TASK GOAL: Find the line with "geschlechtsneutraler festlicher Hundename" in the entries below, then output every line from it down to the line with "Штуцер резьбовой латунный", exactly and with no pictures.

PROVIDED RECORDS:
════════════════════

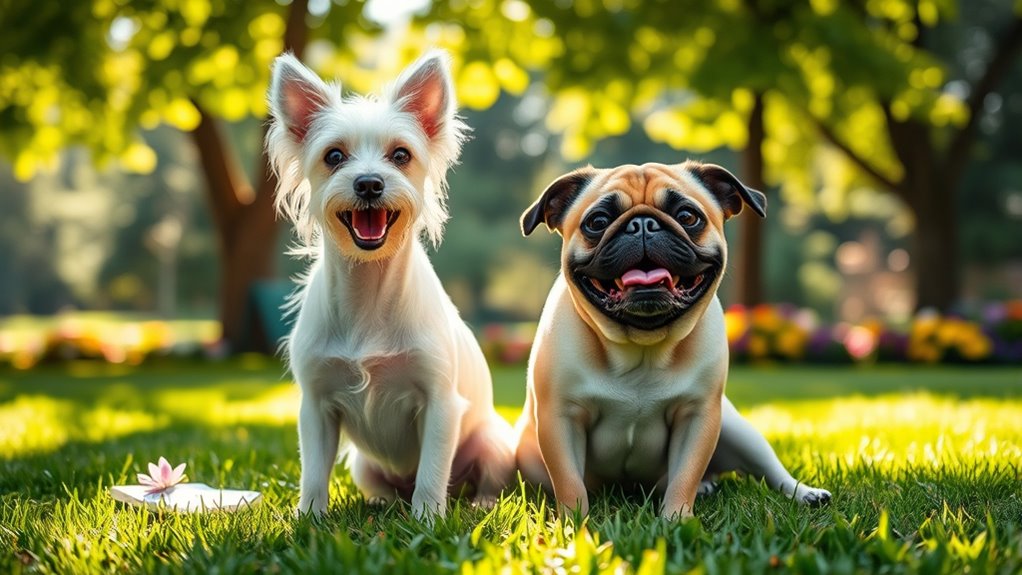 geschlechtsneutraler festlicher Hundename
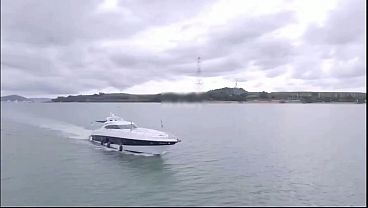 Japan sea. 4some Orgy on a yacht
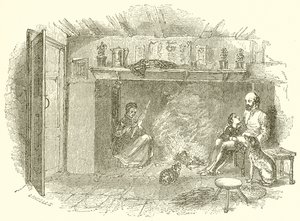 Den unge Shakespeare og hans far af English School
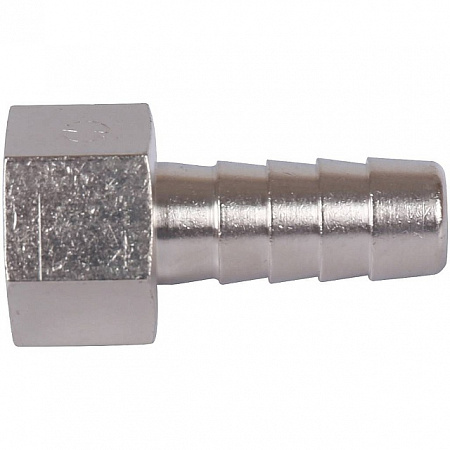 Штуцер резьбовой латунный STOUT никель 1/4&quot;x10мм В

════════════════════

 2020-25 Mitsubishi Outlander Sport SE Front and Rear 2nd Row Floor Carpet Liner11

════════════════════

THE COMPLETED TASK:
 geschlechtsneutraler festlicher Hundename
 Japan sea. 4some Orgy on a yacht
 Den unge Shakespeare og hans far af English School
 Штуцер резьбовой латунный STOUT никель 1/4&quot;x10мм В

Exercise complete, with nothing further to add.